Lines from the one containing "Sep 28, 2025;" through the last line of the data are to be returned exactly, both ends included, minus any pictures.

*** Opening of GIVEN MATERIAL ***

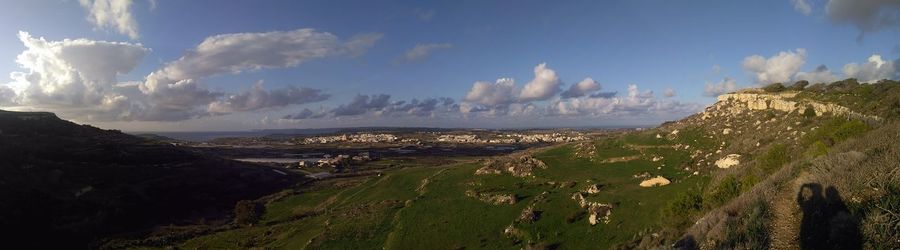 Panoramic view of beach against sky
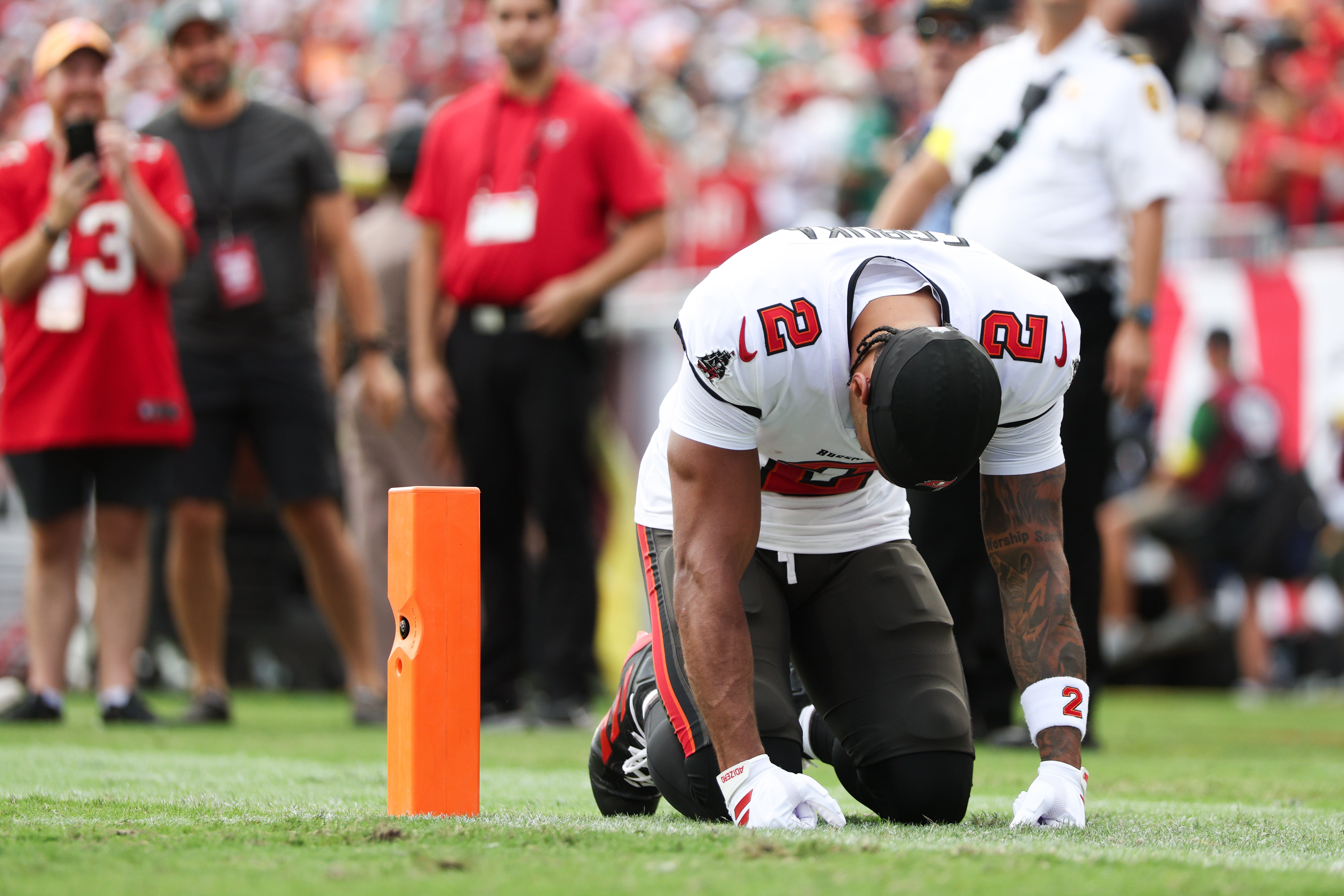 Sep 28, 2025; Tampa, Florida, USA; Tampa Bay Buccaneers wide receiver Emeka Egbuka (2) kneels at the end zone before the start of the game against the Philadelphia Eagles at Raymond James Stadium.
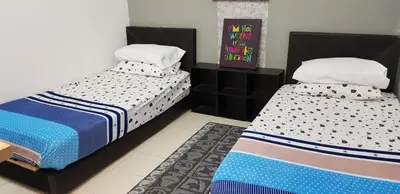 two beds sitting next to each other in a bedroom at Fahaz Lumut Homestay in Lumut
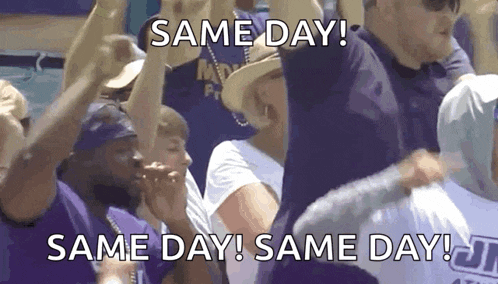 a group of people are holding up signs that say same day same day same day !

*** Close of GIVEN MATERIAL ***

-- OUTPUT BELOW --
 Sep 28, 2025; Tampa, Florida, USA; Tampa Bay Buccaneers wide receiver Emeka Egbuka (2) kneels at the end zone before the start of the game against the Philadelphia Eagles at Raymond James Stadium.
 two beds sitting next to each other in a bedroom at Fahaz Lumut Homestay in Lumut
 a group of people are holding up signs that say same day same day same day !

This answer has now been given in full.